Let’s take these statements one at a time: 

A. TRUTH! When courts evaluate whether a law violates the Constitution, they do not apply a one-size-fits-all test. Instead, they use different levels of scrutiny depending on the nature of the right at issue and how the law operates. At the highest level is strict scrutiny, which applies to laws that burden fundamental rights, like free speech. To survive, the government must show the law is narrowly tailored to serve a compelling interest, a standard most laws fail. Intermediate scrutiny requires the government to demonstrate that the law is substantially related to an important interest. At the most deferential end is rational basis review, where a law will be upheld so long as it is reasonably related to a legitimate government purpose. These standards reflect a basic principle: the more a law threatens constitutional freedoms, the more strictly courts will examine it.
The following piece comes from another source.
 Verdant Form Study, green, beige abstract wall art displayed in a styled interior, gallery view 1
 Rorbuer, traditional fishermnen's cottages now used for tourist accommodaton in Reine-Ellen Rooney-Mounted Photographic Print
B. TRUTH! The First Amendment protects not only the right to speak, but also the right not to speak. This principle prohibits compelled speech, which means the government cannot force individuals to express messages they do not agree with. The Supreme Court has long recognized that freedom of speech includes both the right to affirm a belief and the right to refrain from doing so. Compelled speech is incompatible with the First Amendment’s central guarantee that the choice of what to say rests with the individual, not the state. This protection ensures that the government cannot use its power to manufacture consensus or coerce ideological conformity.

C. LIE! Viewpoint discrimination and content-based discrimination are related, but they are not treated the same under the First Amendment. A content-based restriction regulates speech based on its subject matter (what the speech is about) and is subject to strict scrutiny. But viewpoint discrimination goes further. It occurs when the government allows speech on a topic but permits only one side of the debate. That is considered the most egregious form of censorship because it distorts public discourse and suppresses dissent. For that reason, viewpoint discrimination is almost always unconstitutional. The First Amendment does not allow the government to tilt the playing field, permitting one side of a debate while silencing the other.

Bottom Line: The First Amendment is not just about protecting speech; it is about limiting government power. Courts apply different levels of scrutiny to ensure that laws do not infringe on fundamental freedoms, and they draw a firm constitutional line when the government attempts to control what people say or believe. Whether through compelled speech or viewpoint discrimination, the Constitution forbids the government from dictating the terms of public debate. That is how the Constitution preserves not just speech, but the freedom to think, speak, and disagree.